Records shown START

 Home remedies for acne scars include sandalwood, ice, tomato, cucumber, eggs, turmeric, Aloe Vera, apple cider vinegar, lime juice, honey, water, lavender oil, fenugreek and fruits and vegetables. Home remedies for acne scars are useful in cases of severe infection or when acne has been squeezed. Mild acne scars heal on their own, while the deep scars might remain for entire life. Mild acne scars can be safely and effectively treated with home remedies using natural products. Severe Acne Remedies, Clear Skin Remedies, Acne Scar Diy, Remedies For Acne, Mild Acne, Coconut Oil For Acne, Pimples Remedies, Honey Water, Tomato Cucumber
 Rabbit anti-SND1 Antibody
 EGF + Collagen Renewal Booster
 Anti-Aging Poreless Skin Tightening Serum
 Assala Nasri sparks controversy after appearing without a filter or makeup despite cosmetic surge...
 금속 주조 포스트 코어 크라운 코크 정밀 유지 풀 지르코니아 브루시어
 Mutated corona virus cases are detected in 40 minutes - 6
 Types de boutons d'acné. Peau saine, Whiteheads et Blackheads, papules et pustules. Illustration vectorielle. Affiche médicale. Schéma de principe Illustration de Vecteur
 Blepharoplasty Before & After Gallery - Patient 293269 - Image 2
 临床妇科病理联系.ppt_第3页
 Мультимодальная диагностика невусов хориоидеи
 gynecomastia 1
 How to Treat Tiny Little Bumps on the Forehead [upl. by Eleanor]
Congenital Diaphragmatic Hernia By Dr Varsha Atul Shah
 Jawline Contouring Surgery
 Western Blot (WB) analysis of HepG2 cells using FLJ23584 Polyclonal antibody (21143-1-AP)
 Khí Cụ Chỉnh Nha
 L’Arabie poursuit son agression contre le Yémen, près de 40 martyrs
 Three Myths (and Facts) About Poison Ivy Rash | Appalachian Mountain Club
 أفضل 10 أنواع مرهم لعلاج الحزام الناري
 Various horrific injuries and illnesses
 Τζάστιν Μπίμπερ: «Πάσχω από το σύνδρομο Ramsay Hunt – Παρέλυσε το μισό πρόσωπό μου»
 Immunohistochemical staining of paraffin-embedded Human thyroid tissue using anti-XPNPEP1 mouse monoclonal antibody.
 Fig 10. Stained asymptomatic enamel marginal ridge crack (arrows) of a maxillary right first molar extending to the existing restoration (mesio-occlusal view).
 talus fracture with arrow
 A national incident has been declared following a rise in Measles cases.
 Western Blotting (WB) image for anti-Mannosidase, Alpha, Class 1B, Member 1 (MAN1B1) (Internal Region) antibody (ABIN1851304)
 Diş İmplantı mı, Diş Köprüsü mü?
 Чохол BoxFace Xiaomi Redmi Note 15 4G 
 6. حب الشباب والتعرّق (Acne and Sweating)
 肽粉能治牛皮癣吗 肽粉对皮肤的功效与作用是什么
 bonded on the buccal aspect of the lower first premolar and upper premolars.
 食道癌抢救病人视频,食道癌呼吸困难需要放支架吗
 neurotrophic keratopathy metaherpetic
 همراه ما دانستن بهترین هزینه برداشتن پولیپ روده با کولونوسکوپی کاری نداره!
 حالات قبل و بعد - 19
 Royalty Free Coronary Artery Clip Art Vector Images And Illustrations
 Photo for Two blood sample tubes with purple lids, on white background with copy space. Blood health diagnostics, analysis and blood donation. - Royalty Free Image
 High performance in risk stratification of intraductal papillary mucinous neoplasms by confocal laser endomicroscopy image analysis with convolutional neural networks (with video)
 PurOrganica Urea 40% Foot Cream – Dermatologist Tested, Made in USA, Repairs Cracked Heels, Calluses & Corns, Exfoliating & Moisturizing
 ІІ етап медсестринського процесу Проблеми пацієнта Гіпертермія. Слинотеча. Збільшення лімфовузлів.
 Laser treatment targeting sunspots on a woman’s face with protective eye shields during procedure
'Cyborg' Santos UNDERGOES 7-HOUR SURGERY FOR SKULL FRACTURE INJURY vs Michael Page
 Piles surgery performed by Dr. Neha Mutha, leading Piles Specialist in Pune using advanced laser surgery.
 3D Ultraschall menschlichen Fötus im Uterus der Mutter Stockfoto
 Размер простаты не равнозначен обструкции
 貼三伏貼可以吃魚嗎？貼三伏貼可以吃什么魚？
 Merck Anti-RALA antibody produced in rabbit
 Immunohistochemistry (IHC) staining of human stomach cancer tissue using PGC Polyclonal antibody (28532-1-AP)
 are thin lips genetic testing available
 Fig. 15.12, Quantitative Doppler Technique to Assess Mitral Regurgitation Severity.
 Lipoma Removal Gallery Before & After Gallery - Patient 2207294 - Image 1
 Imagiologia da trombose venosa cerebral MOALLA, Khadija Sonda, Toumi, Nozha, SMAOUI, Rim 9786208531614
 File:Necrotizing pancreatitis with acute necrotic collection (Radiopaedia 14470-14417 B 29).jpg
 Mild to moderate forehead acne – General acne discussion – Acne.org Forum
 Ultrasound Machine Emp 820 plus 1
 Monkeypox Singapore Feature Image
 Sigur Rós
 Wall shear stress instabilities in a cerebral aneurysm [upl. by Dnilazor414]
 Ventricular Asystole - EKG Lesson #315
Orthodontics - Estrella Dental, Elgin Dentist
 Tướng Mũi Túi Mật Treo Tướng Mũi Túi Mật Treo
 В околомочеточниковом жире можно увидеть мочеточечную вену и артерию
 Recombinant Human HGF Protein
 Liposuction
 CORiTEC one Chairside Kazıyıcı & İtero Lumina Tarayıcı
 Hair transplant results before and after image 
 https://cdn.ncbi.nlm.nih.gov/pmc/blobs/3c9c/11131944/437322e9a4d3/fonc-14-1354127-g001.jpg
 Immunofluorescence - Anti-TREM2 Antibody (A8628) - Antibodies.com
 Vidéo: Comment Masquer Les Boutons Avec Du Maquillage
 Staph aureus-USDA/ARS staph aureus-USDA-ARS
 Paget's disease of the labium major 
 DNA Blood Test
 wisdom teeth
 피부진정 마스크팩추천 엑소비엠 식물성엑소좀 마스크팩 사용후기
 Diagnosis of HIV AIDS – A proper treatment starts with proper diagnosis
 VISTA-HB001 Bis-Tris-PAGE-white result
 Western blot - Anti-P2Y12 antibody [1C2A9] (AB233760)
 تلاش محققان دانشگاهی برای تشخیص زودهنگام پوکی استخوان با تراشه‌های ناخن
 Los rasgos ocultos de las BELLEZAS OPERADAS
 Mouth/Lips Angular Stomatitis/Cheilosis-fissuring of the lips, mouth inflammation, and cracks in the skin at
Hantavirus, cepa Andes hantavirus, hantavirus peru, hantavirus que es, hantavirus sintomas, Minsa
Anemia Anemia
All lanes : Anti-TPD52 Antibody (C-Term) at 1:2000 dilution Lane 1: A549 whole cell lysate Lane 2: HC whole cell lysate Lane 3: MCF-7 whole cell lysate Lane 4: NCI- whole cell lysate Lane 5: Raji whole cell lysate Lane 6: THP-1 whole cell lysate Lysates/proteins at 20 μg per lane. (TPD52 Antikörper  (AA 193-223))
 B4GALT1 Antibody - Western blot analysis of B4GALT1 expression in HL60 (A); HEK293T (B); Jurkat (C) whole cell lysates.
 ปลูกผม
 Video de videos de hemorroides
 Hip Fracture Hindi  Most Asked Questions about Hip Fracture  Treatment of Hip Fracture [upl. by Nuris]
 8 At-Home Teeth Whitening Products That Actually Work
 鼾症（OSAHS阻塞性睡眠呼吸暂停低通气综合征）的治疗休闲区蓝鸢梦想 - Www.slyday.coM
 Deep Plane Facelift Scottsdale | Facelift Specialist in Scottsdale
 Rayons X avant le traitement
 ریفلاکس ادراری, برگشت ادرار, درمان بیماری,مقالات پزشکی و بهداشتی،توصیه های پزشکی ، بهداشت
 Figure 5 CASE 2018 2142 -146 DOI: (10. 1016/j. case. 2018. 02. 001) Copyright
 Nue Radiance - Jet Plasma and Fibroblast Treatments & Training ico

Records shown END

Every line above that has the string "tissue" needs to be copied.

▶ Response to this task
 Immunohistochemical staining of paraffin-embedded Human thyroid tissue using anti-XPNPEP1 mouse monoclonal antibody.
 Immunohistochemistry (IHC) staining of human stomach cancer tissue using PGC Polyclonal antibody (28532-1-AP)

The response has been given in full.